Magazine publishers Condé Nast and Hearst are restructuring their sales and marketing divisions to better serve advertisers, while disappointing results at Axel Springer could herald changes there under its new private equity partnership.

Condé Nast and Condé Nast International (which covers 31 markets outside the US) have merged under a “unified global team”, The Drum reported, a development that includes ad and commercial sales functions being brought together under a single structure.

This move builds on efforts in the editorial department, where 45 different content management systems have been reduced to one, which not only facilitates sharing and syndication across editorial teams, but also makes life far simpler for advertisers.

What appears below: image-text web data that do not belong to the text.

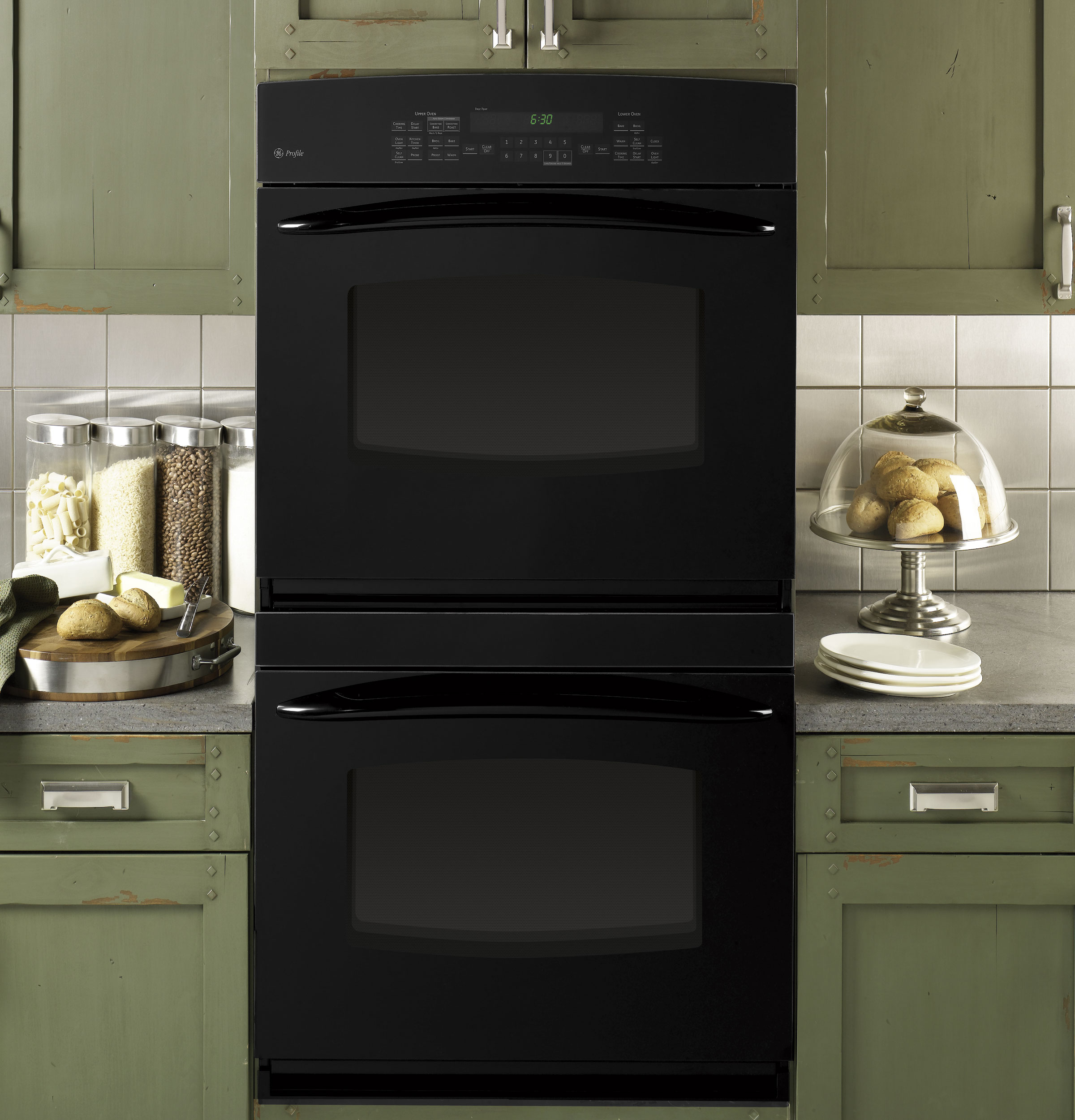 30" Built-In Double Convection/Thermal Wall Oven PT956DRBB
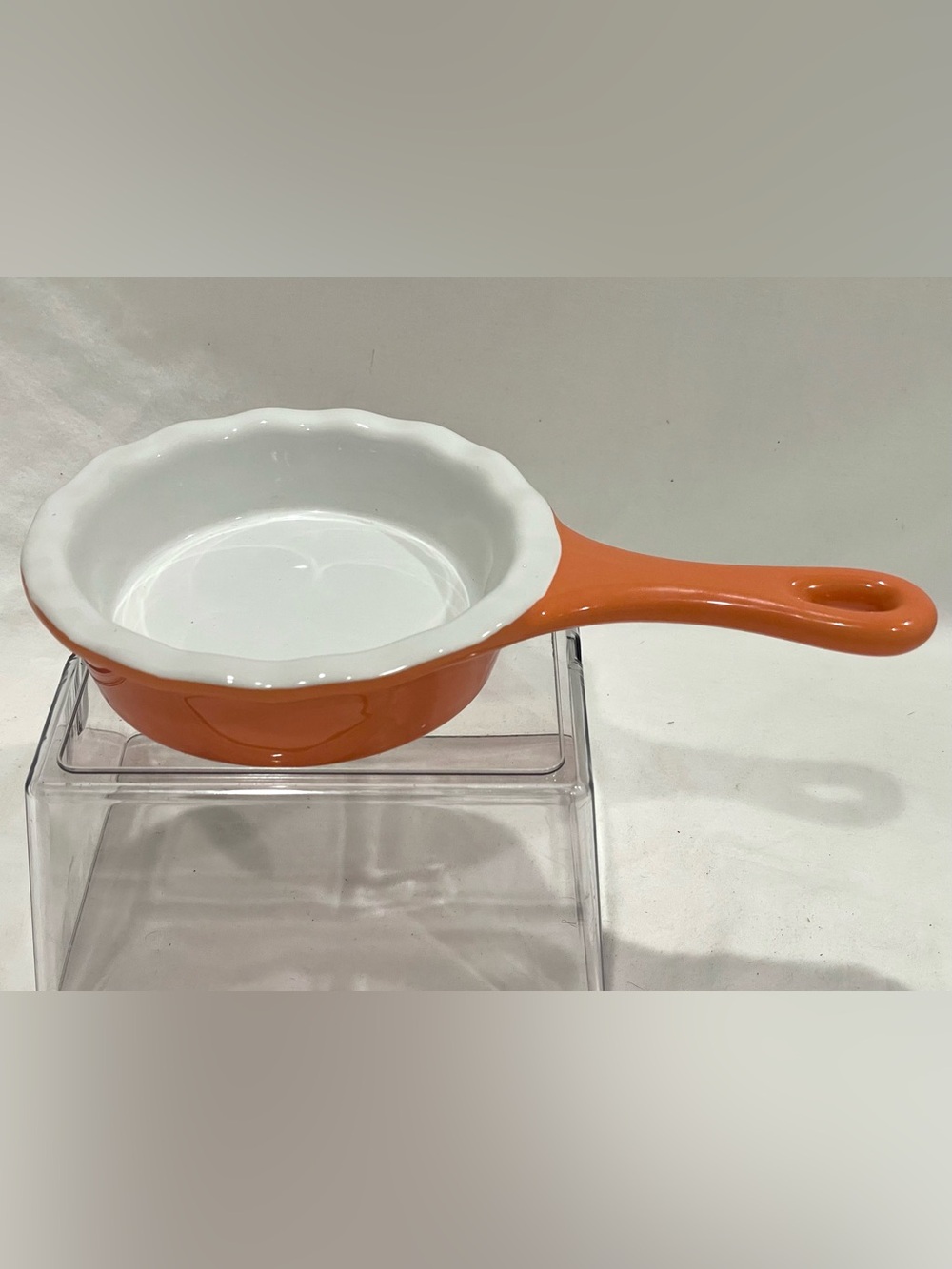 EUC Modern Gourmet Foods Mini Ceramic 5” Handled Orange Pie Baking Dish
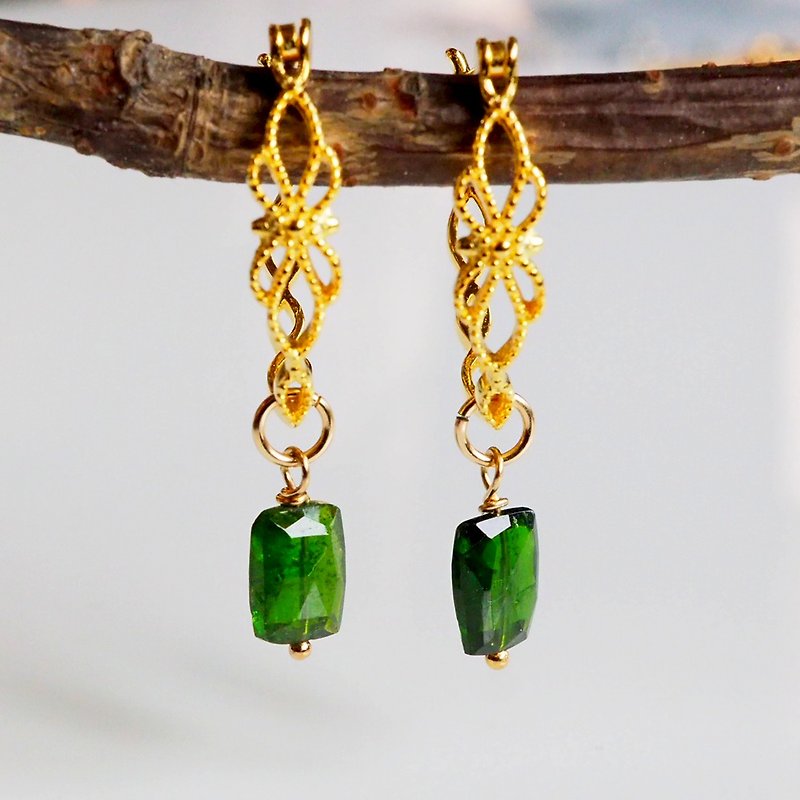 Emerald Gold | Cut Chrome Diopside‧Silver Gold Plated Earrings/ Clip-On - ต่างหู - เครื่องประดับพลอย สีเขียว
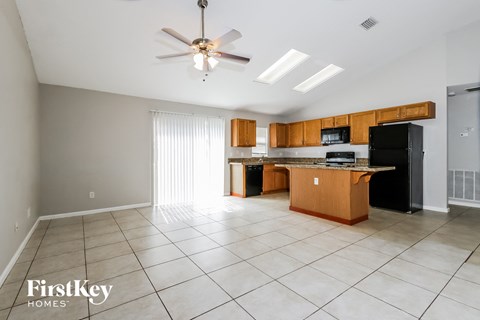 1062 Sw Longfellow Rd 3 Beds Apartment for Rent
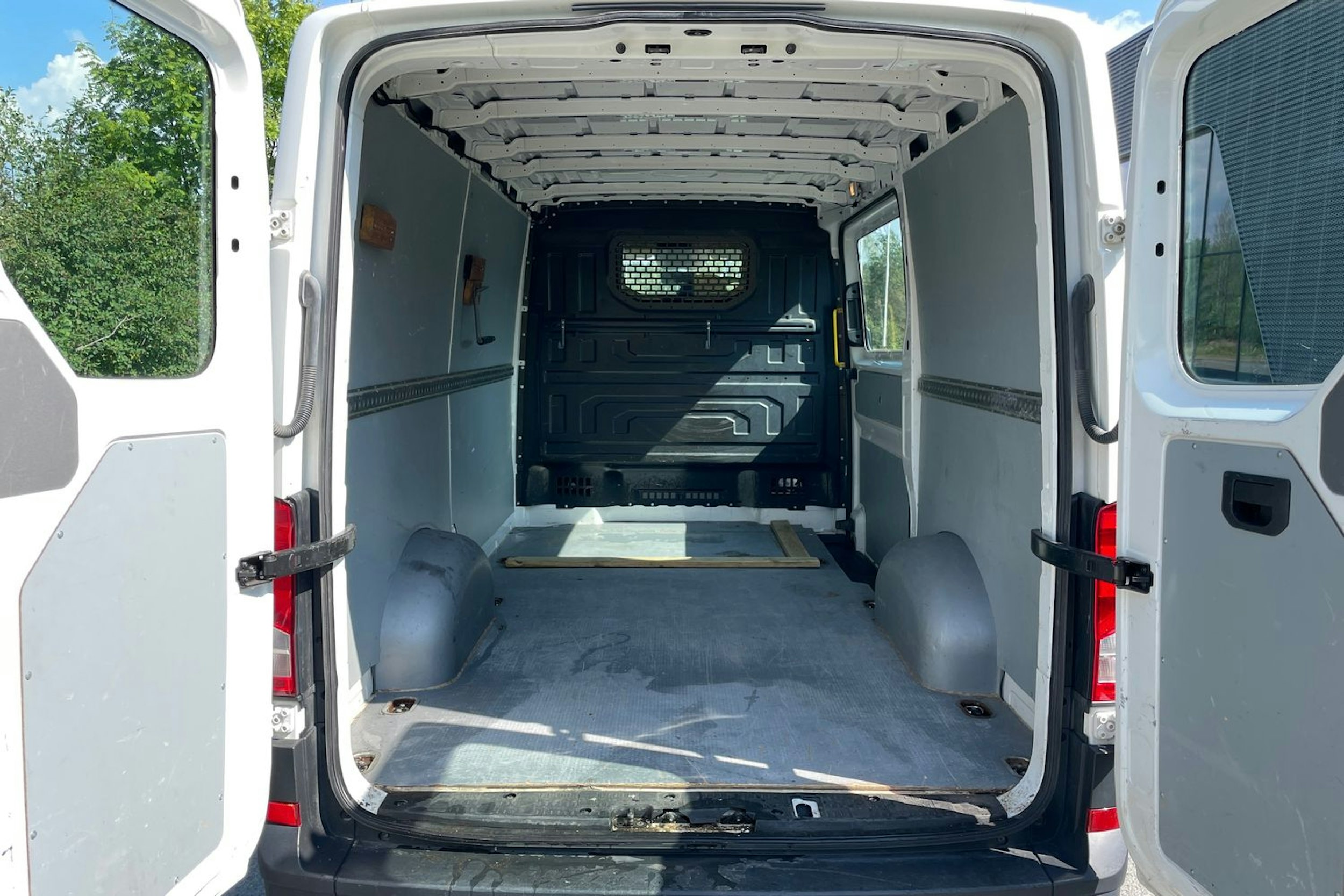 Valkoinen Volkswagen CRAFTER 2018 kuva 13.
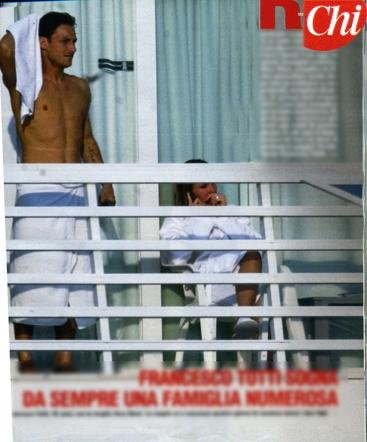 Ilary Blasi paparazzata in topless e mutande con Francesco Totti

“The outcome is to deliver better ad campaigns, and more easily for one or several brands across markets,” director of strategy and research Estelle Ayer told a London conference earlier this year. (For more read WARC’s report: How Condé Nast balances global and local.)

Luxury advertisers no longer have to deal with individual publishers in different countries but can work far more efficiently through a single CMS and standardised ad formats.

Global chief executive Roger Lynch explained that the changes “will better enable us to collaborate across teams and markets and, ultimately, deliver unparalleled experiences for our consumers and clients”.

In particular, the single sales team will be able to better serve clients’ “holistic needs” and “make it easier for them to do business with us”, he said.

Similar thinking is evident at Hearst where the sales and marketing functions have been brought together in a move aimed at making media buying easier across the publisher’s portfolio.

“This new approach simplifies the process for advertisers and agencies, providing innovative solutions, first-to-market ad products and a seamless ad buying experience across all of our brands and platform,” said company president Troy Young.

Elsewhere, German publisher Axel Springer reported a 10.6% year-on-year decline in ad revenue in its news media business in the second quarter, which, The Drum suggested, could force a rethink of its business model as US private equity firm KKR takes a 27.8% stake.

The company has moved away from its print origins to focus on becoming a digital-first business, a process that has inevitably brought it into conflict with the US tech giants, as both its news and classifieds businesses depend to a large extent on traffic from Google.